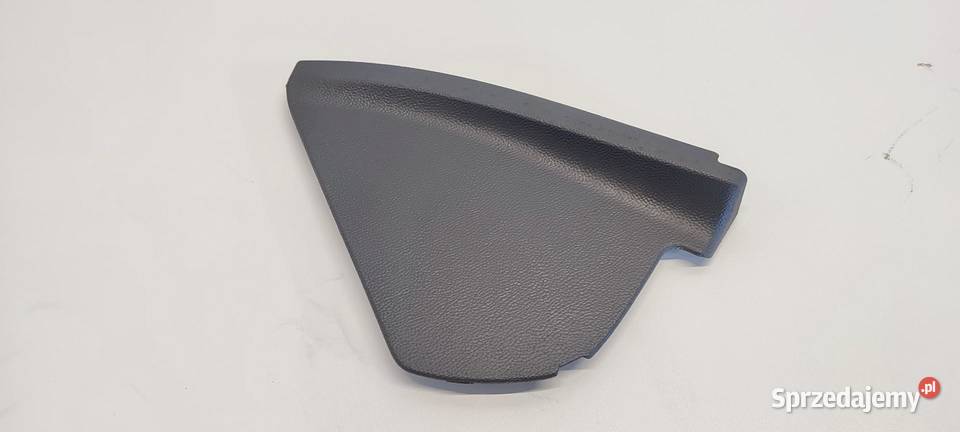 MERCEDES SL R230 OSŁONA ZAŚLEPKA DESKI PRAWA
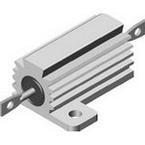 RER70F1000PC02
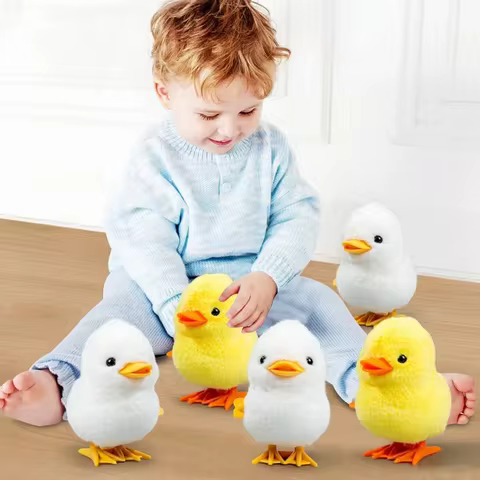 12 best sales walking talking doll - №9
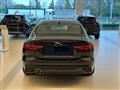 JAGUAR XE 2.0 D 204 CV aut. R-Dynamic S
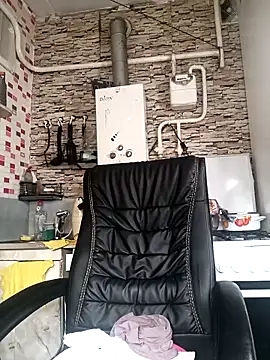 MilkySky online show from January 31, 2026, 7:34 pm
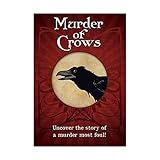 Murder of Crows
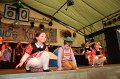 IMG_0731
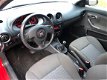 Seat Ibiza - 1.2-12V Reference NAP NW APK 2006 Nette auto - 1 - Thumbnail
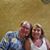 Patricia Greenway's profile image
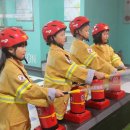 신관초등학교 이미지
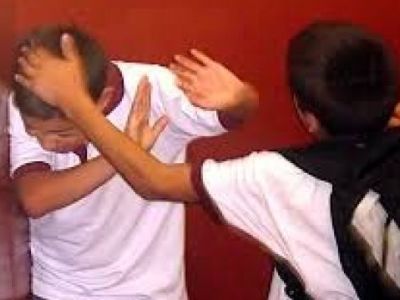 Αληθινή ιστορία: «Οταν ο γιος μου έπεσε θύμα του bullying...», γράφει η Εύη Ματίεβιτς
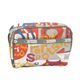 LESPORTSAC (���X�|�[�g�T�b�N) ���X�| 5824 4817 �W���C�u �|�[�`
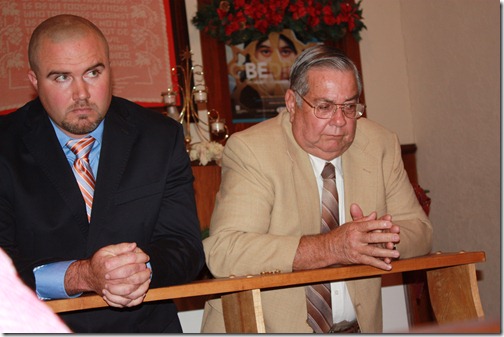 deacons 006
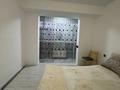 1-бөлмелі пәтер · 42 м² · 5/6 қабат, Жунисова 2/13к4, бағасы: 200 000 ₸ в Алматы, Наурызбайский р-н — фото 14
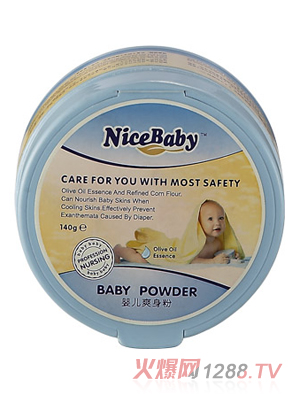 �Աȱȋ냺ˬ����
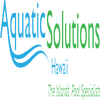 Aquatic Solutions Hawaii LLC logo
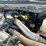 2020-ford-f350-image-43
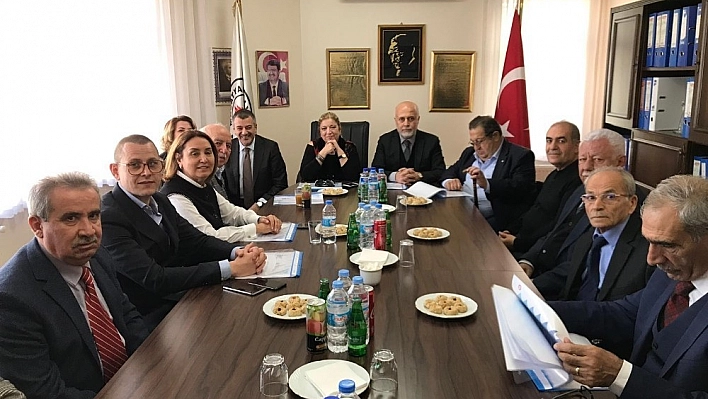 MEV şimdiye kadar 20 bin öğrenciye burs verdi 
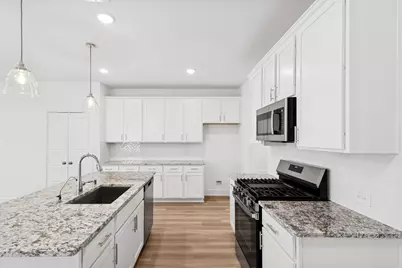 9746 Fuller Fork, Montgomery, TX 77316 - Photo 2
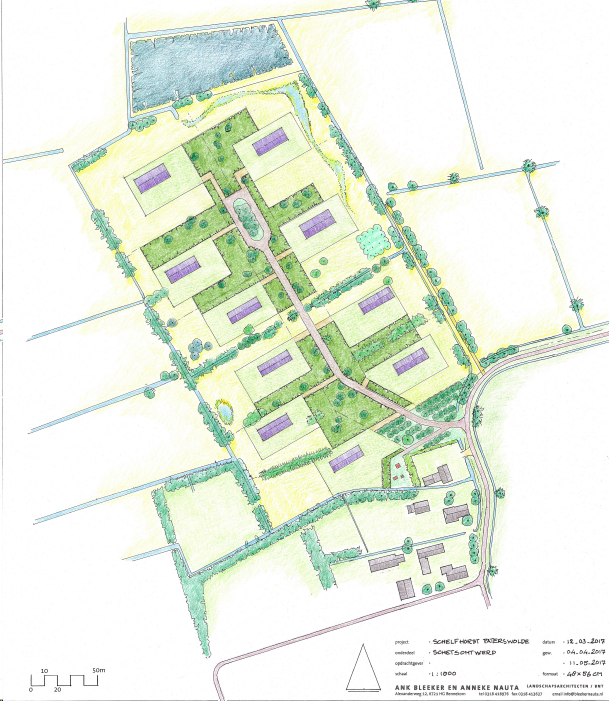 afbeelding "i_NL.IMRO.1730.BPSchelfhorst-0403_0009.png"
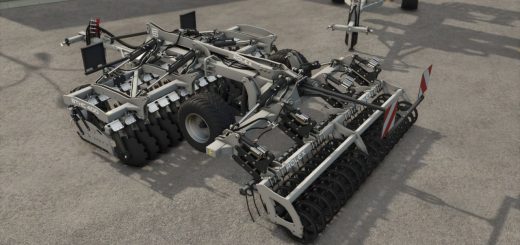 ROL-EX BTHC 400 V1.0.0.2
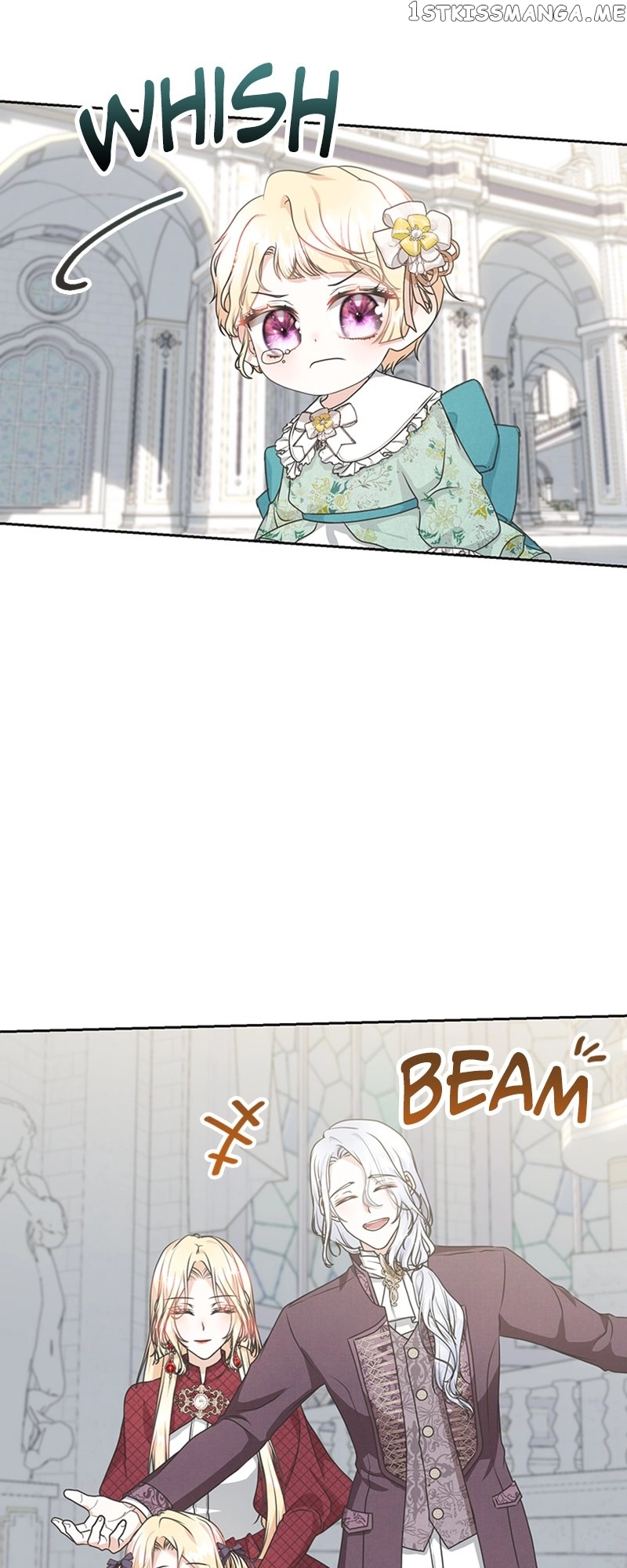 Manga page 41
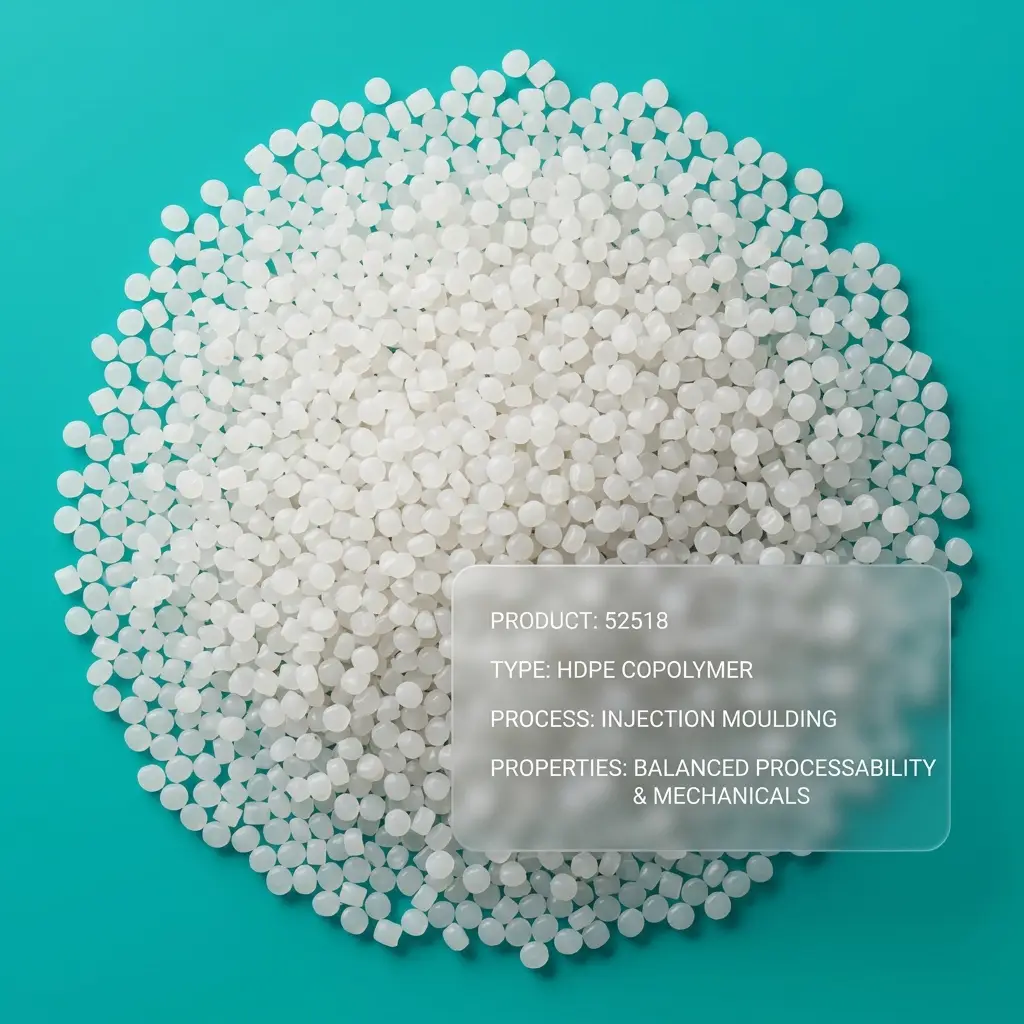 52518 product image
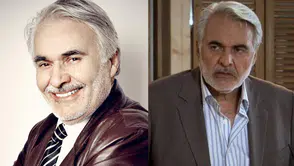 Kurtlar Vadisi’nin ‘’Baba Memduh’’u Namık Kemal Yiğittürk hayatını kaybetti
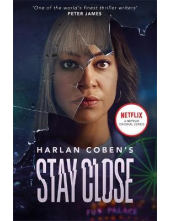 Stay Close - Humanitas
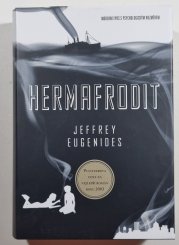 Hermafrodit - 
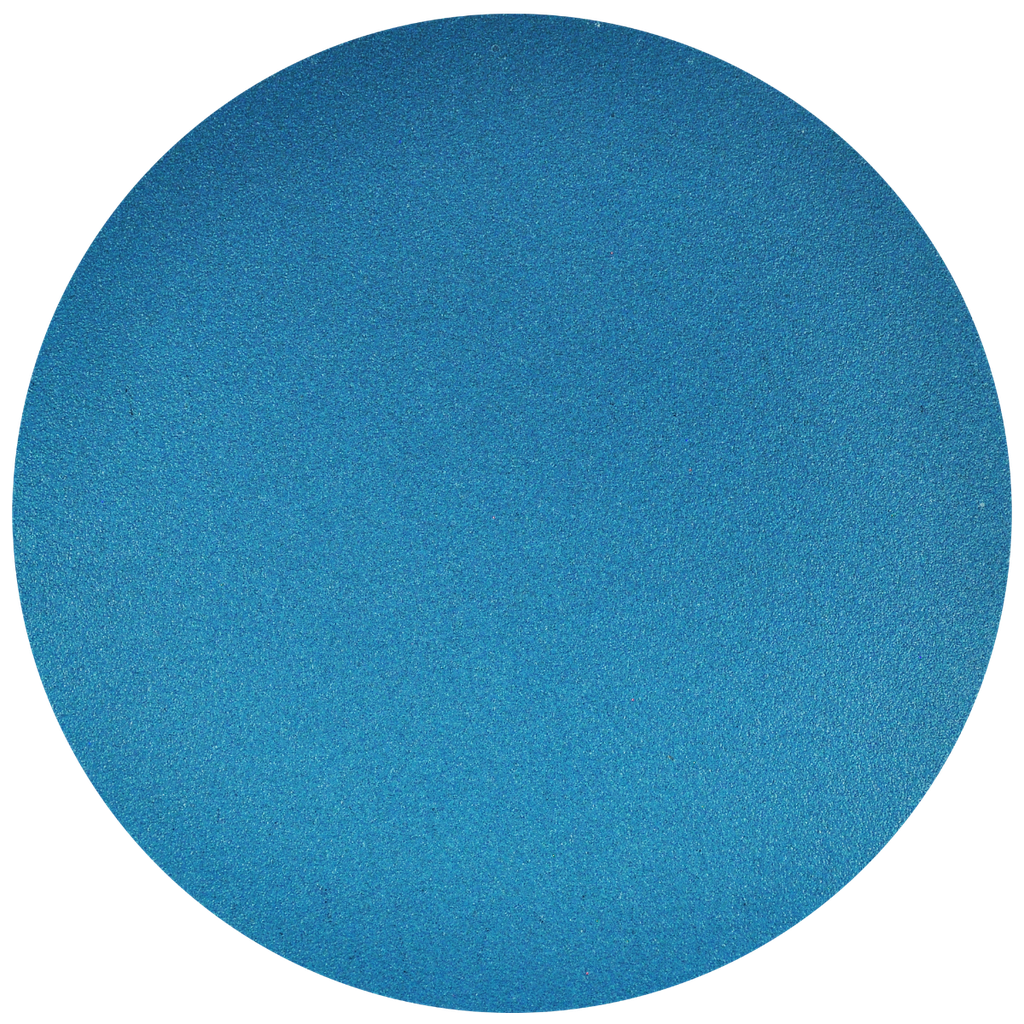 DISCO LIJA C/VELCRO AUSTROMEX MAGMA 6" GRANO 120 (2033)(H)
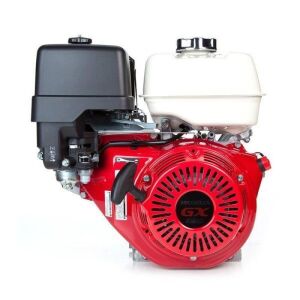 Honda GX390UT2-QA2 General Purpose Engine 117 HP 389cc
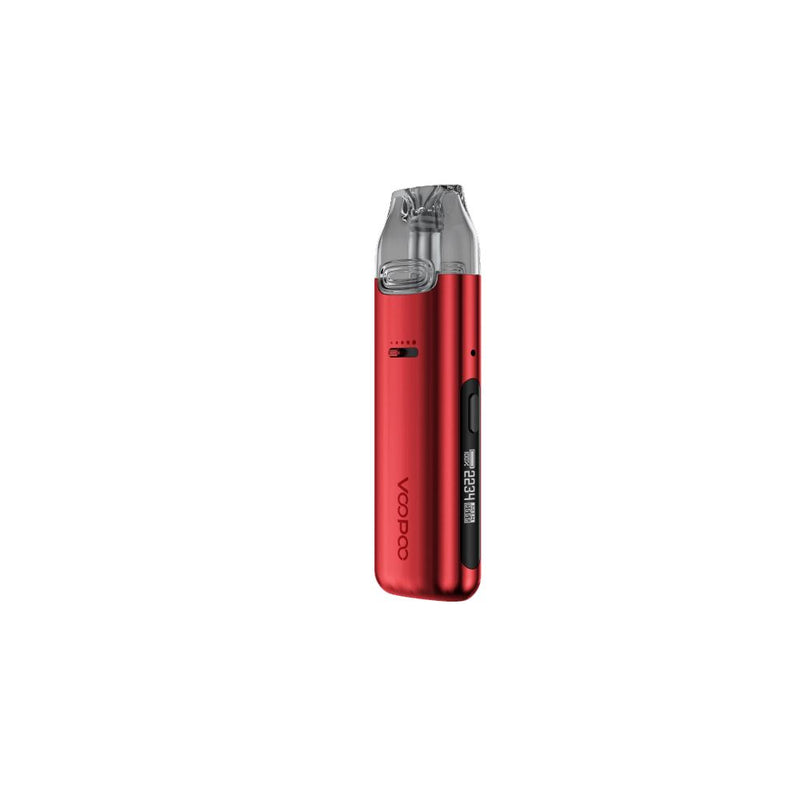 Voopoo VMate Pro Pod System Kit - Red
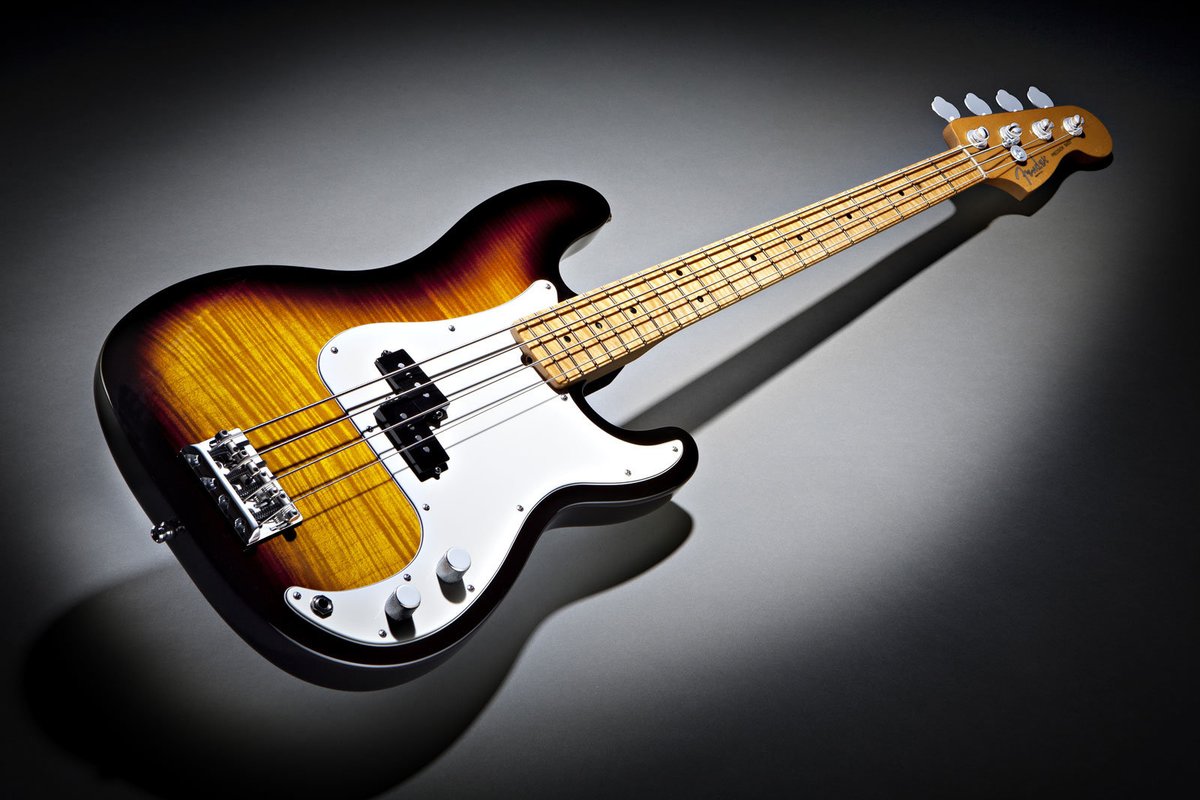 Бас гитара music. Бас гитара fender. бас гитара fender amatory. фендер серая бас гитара. ,fcc ubnfhf cr4f.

_PROBLEM TO WORK ON_.
Omit all pictures and write out, exactly, only the lines from the line containing "Stay Close - Humanitas" through the last line of the entries above.

_ANSWER FOR THIS EXERCISE_.
 Stay Close - Humanitas
 Hermafrodit - 
 DISCO LIJA C/VELCRO AUSTROMEX MAGMA 6" GRANO 120 (2033)(H)
 Honda GX390UT2-QA2 General Purpose Engine 117 HP 389cc
 Voopoo VMate Pro Pod System Kit - Red
 Бас гитара music. Бас гитара fender. бас гитара fender amatory. фендер серая бас гитара. ,fcc ubnfhf cr4f.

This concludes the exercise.